Task details = Pictures appear in the records below; write out everything else exactly.

_ _ _ _ _ _ _

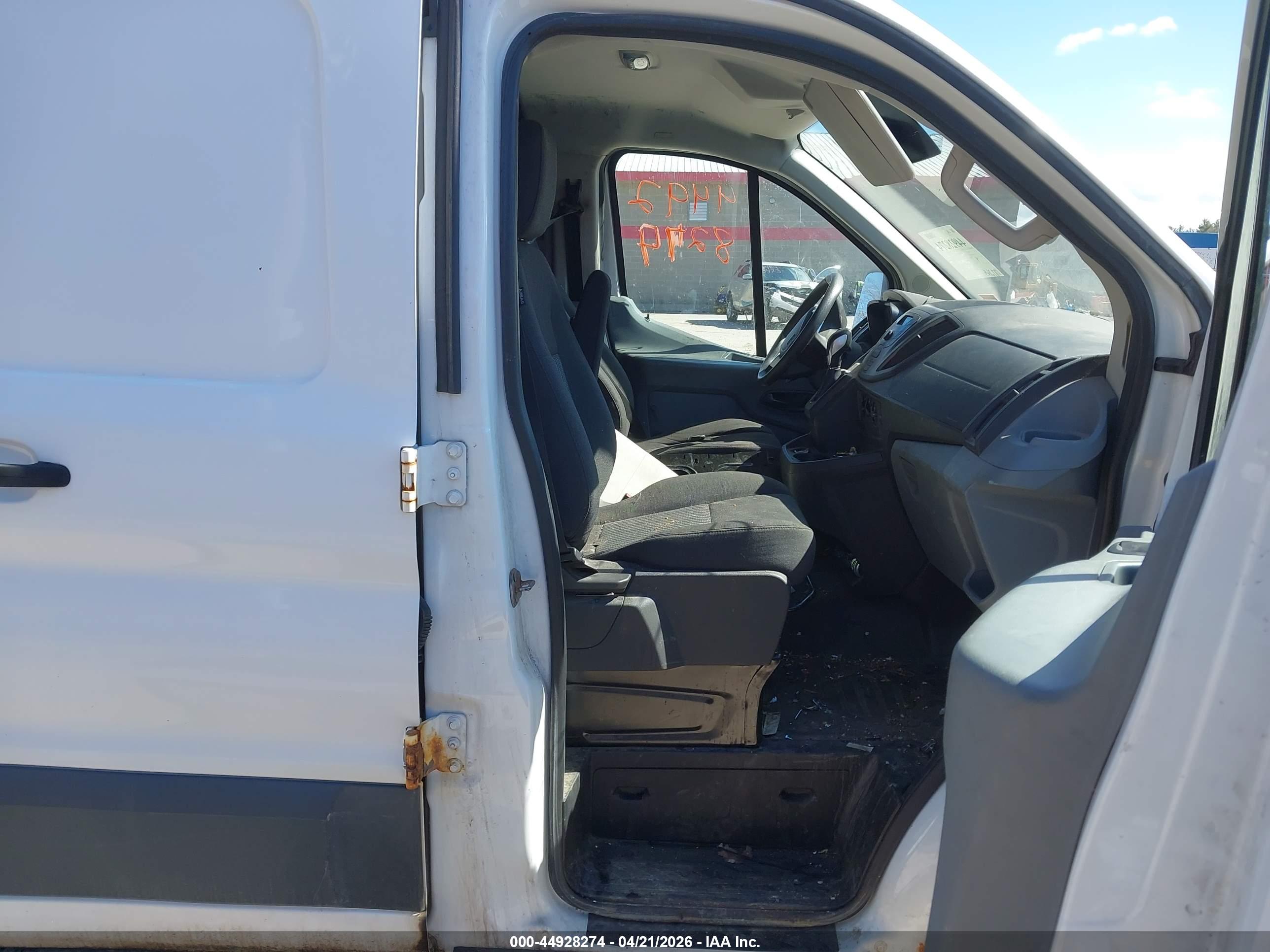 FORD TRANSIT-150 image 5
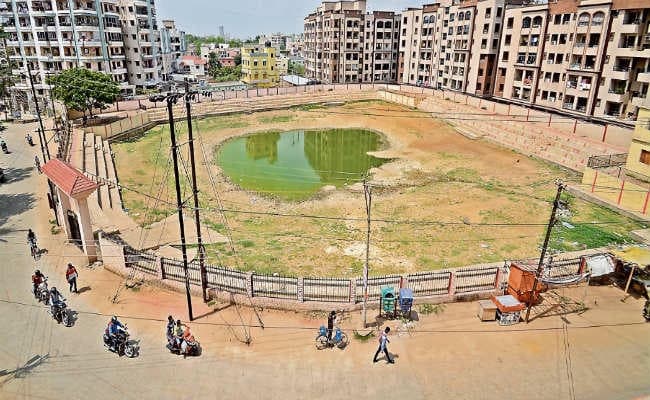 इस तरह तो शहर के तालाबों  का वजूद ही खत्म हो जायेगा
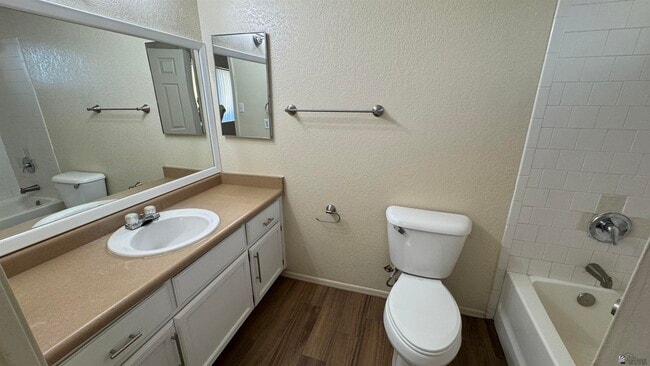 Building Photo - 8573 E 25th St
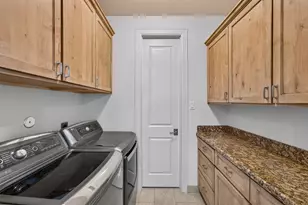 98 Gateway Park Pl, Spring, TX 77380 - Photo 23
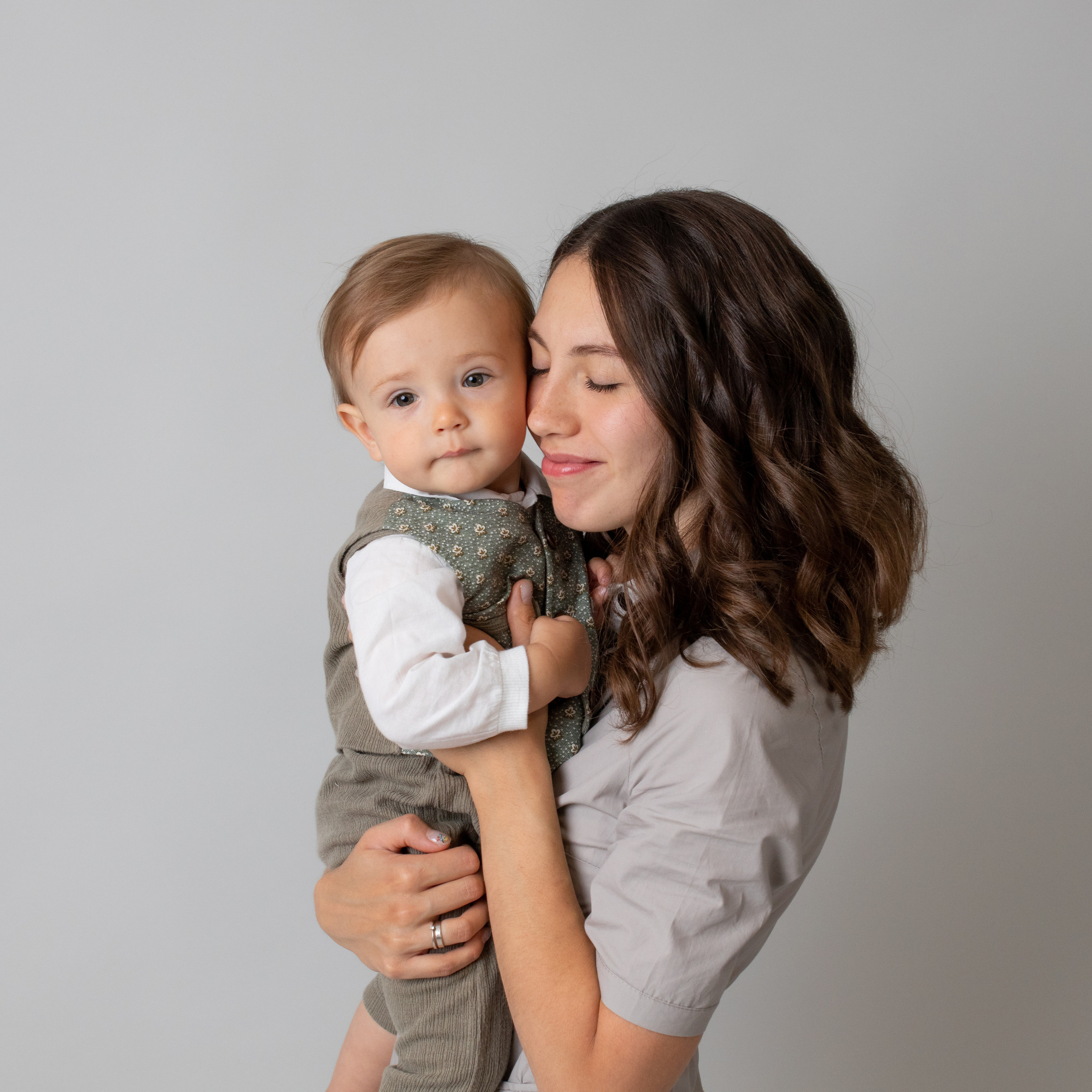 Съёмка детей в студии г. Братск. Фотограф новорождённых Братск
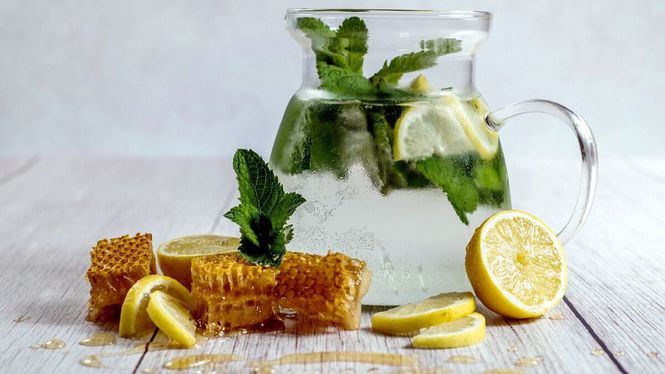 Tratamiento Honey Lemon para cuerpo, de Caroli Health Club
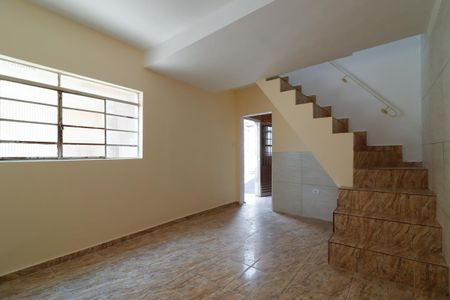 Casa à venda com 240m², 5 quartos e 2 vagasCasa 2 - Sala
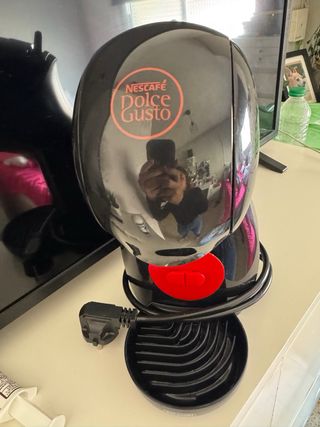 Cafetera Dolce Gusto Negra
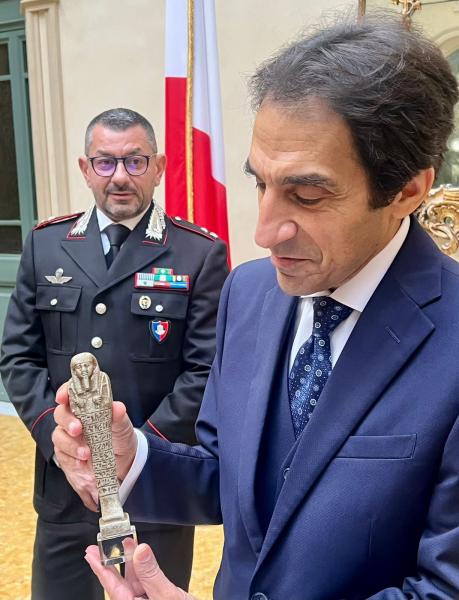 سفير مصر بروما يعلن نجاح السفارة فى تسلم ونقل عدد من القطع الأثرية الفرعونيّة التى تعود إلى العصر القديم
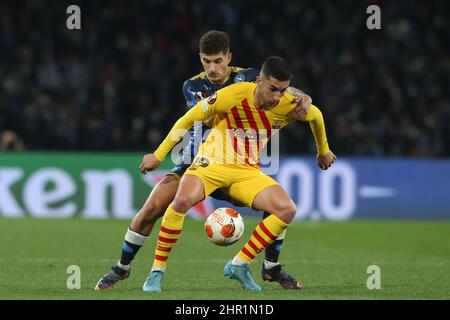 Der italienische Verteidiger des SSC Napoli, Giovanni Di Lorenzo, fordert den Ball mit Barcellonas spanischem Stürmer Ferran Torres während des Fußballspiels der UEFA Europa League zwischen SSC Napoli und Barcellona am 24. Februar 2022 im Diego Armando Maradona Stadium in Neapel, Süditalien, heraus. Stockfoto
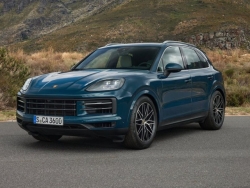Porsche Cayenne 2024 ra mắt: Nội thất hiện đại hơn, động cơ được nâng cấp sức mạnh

_ _ _ _ _ _ _

Response to this exercise =
 FORD TRANSIT-150 image 5
 इस तरह तो शहर के तालाबों  का वजूद ही खत्म हो जायेगा
 Building Photo - 8573 E 25th St
 98 Gateway Park Pl, Spring, TX 77380 - Photo 23
 Съёмка детей в студии г. Братск. Фотограф новорождённых Братск
 Tratamiento Honey Lemon para cuerpo, de Caroli Health Club
 Casa à venda com 240m², 5 quartos e 2 vagasCasa 2 - Sala
 Cafetera Dolce Gusto Negra
 سفير مصر بروما يعلن نجاح السفارة فى تسلم ونقل عدد من القطع الأثرية الفرعونيّة التى تعود إلى العصر القديم
 Der italienische Verteidiger des SSC Napoli, Giovanni Di Lorenzo, fordert den Ball mit Barcellonas spanischem Stürmer Ferran Torres während des Fußballspiels der UEFA Europa League zwischen SSC Napoli und Barcellona am 24. Februar 2022 im Diego Armando Maradona Stadium in Neapel, Süditalien, heraus. Stockfoto
Porsche Cayenne 2024 ra mắt: Nội thất hiện đại hơn, động cơ được nâng cấp sức mạnh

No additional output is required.